EHS874: Aerosol Chemistry Physics and Impacts

  • Graduate level
  • Winter term(s)
  • 3 Credit Hour(s)
  • Instructor(s): Ault, Andrew
  • Prerequisites: none
  • Description: Aerosols have global implications for human health and climate, but are challenging to understand due to their complex physical and chemical properties that determine their behavior in the atmosphere.

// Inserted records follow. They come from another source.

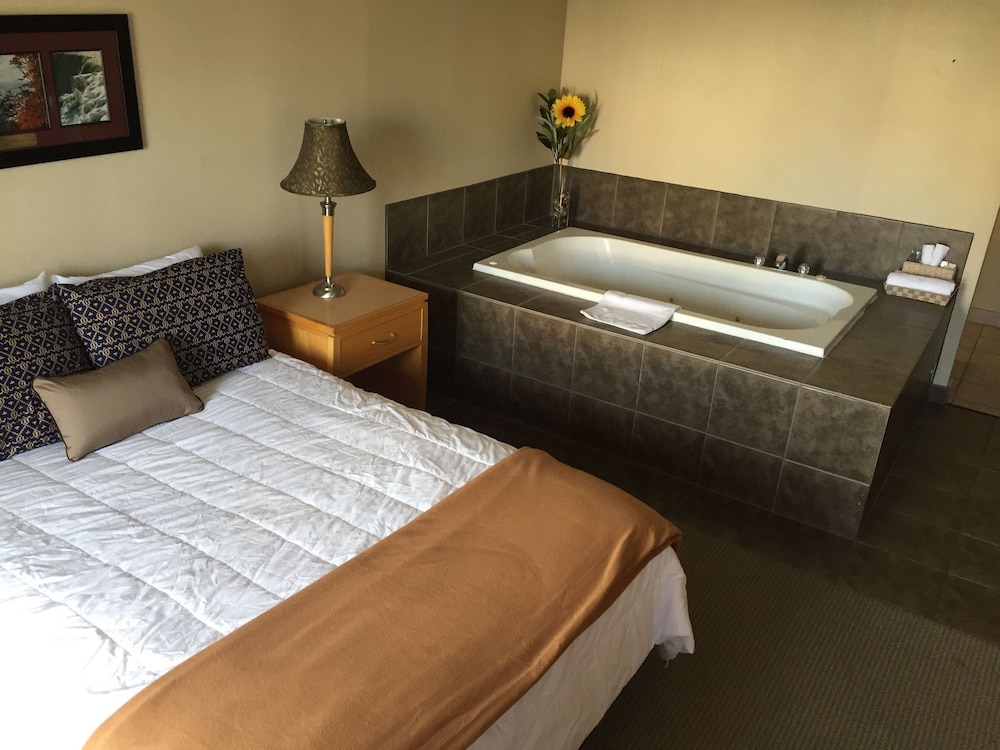 Candlelight Inn - Image 3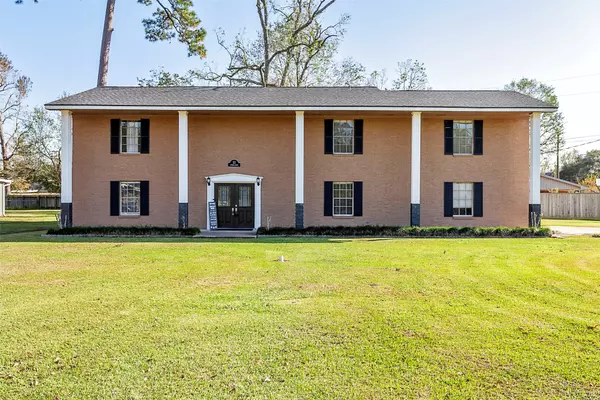 11 Finwick DR, Orange, TX 77632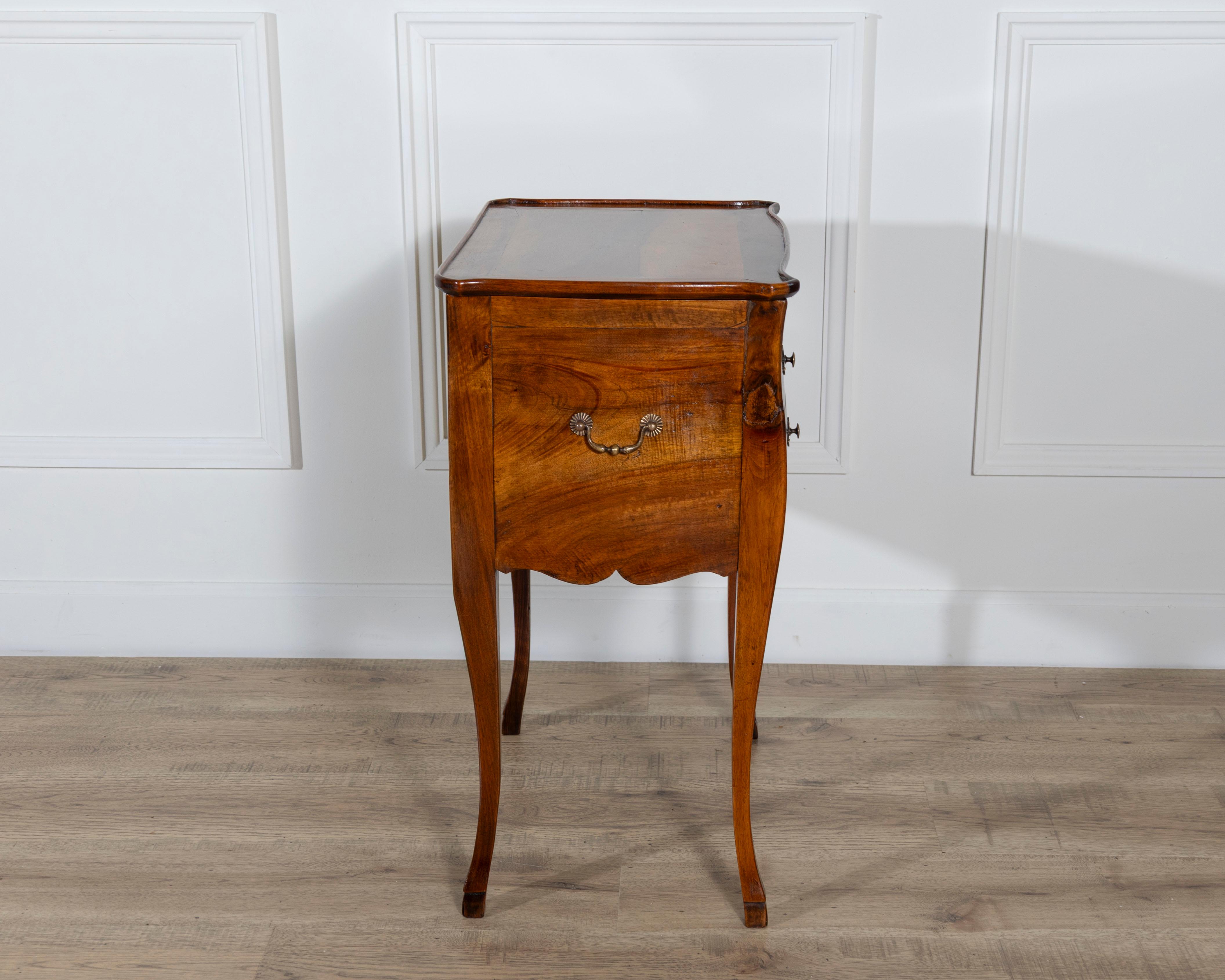 Late 19th-Century French Walnut Bedside Cabinet with Hidden Writing Desk For Sale 6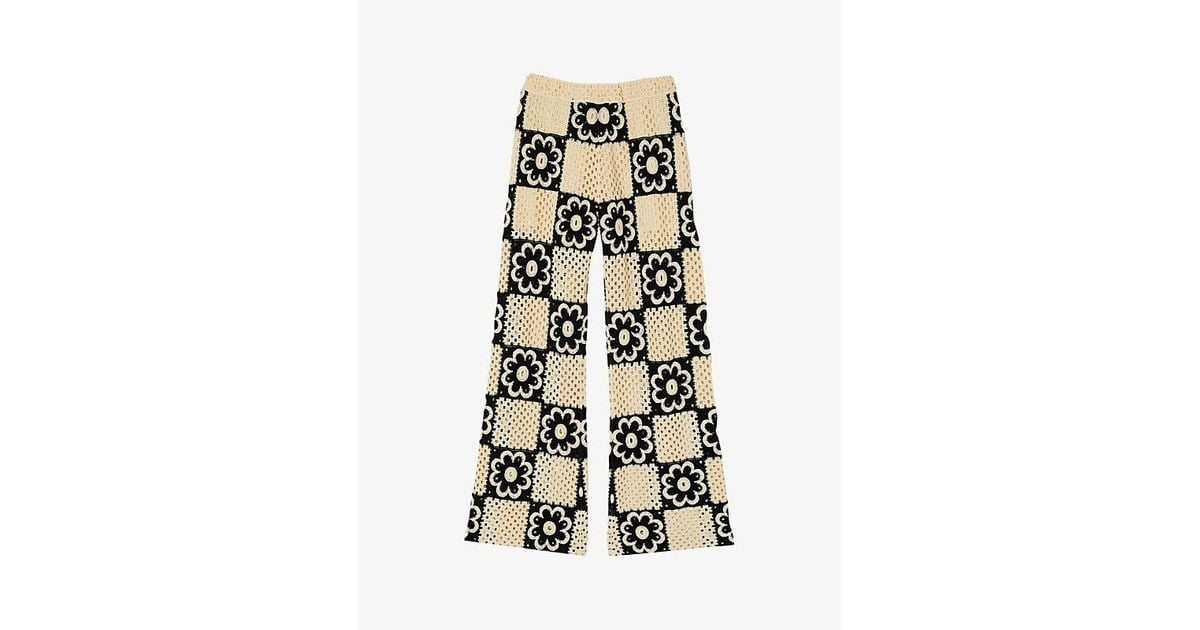 sandro-Naturels-Flower-motif-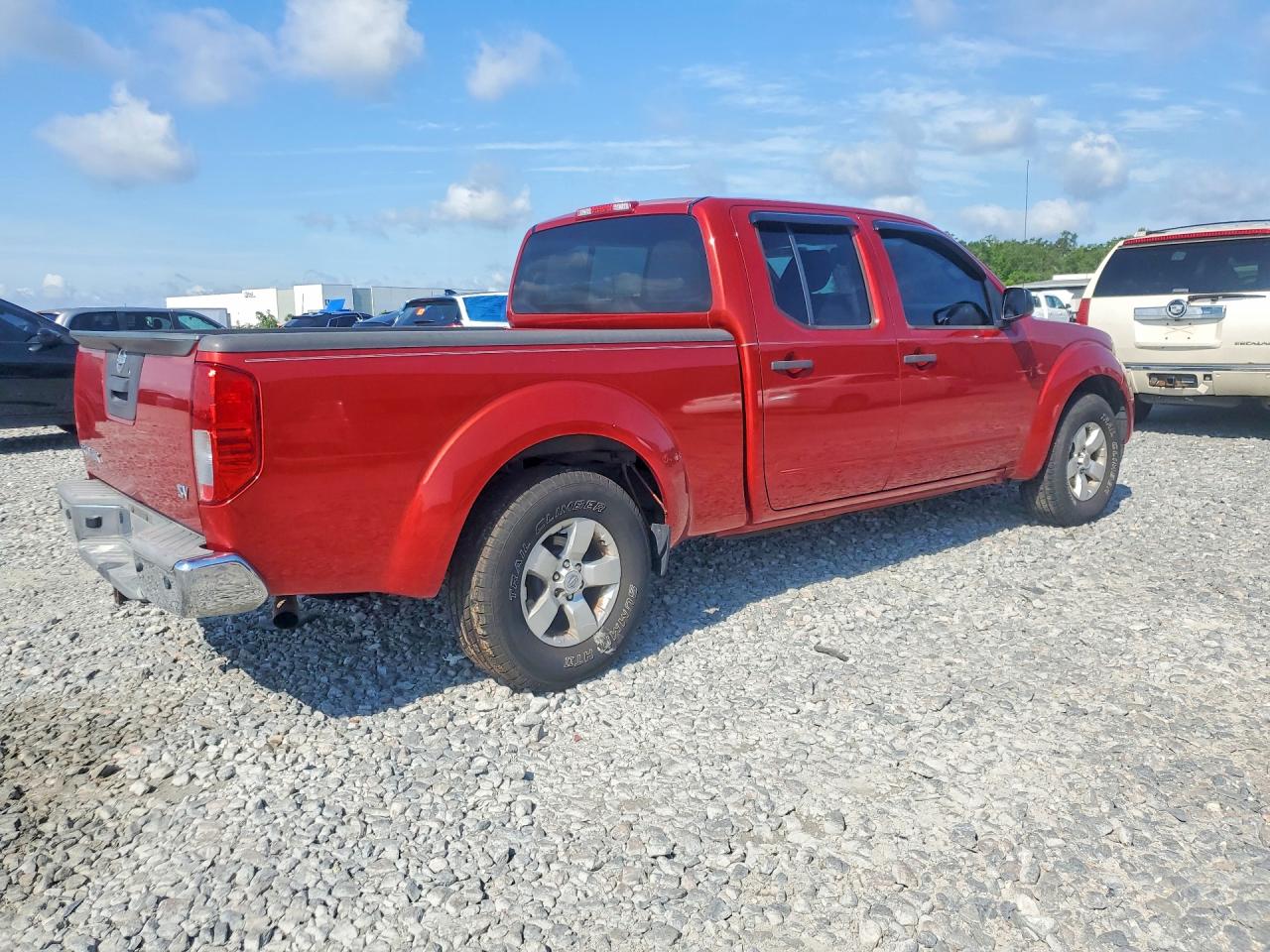 Nissan Frontier Sv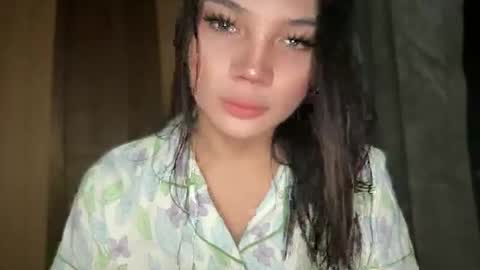 UR GIRL NEXTDOOR online show from 01/13/26, 05:13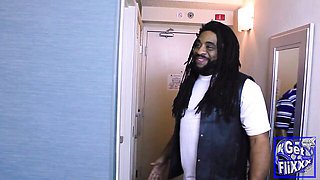 Hypnotic Prince Yahshua and Poizon Ivy at ebony double blowjob porn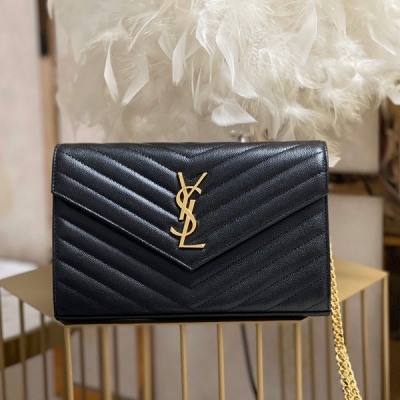 YSL聖羅蘭Yves Saint Laurent MONOGRAM WOC 魚子醬紋路原廠皮版本信封包.超級實用的一款小包，最經典的款式，升級最高級的版本，100%原廠牛皮配上精細手工製作；定制金屬YSLlogo彰顯個性；翻蓋設計確保使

This course will explore be divided into three major sections: aerosol physics, aerosol chemistry, and aerosol impacts.
  • Course Goals: - Learn about how to describe particles and particle populations through different physical properties: particle diameters, concentrations, morphology, and size distributions - Describe particle motion under different flow regimes, such as turbulent or laminar, through the use of Reynolds numbers, Stokes' Law, electrical fields, and Brownian motion. - Explore processes that modify particle physical properties, including: condensation, evaporation, and coagulation. - Describe the chemical composition of aerosols and the sources, heterogeneous reactions, and other processes that modify aerosol composition. - Discuss the strengths and weaknesses of different characterization methods for aerosols, including: gravimetric analysis, electron microscopy, light scattering, mass spectrometry, and spectroscopy. - Explore the impacts of atmospheric particles on health through inhalation and climate through light scattering or cloud formation.
  • Competencies: - Develop the ability to interconvert between different types of particle diameter and utilize particle size distributions to describe particle populations. - Be able to mathematically solve for aerosol motion and losses in different types of flow. - Understand how to solve for particle modification in different chemical environments. - Gain the ability to make informed decisions about which characterization technique is appropriate for different applications. - Be able to explain the impacts of aerosols on health and climate and the benefits and challenges of different actions, such as regulation, to mitigate aerosol effects.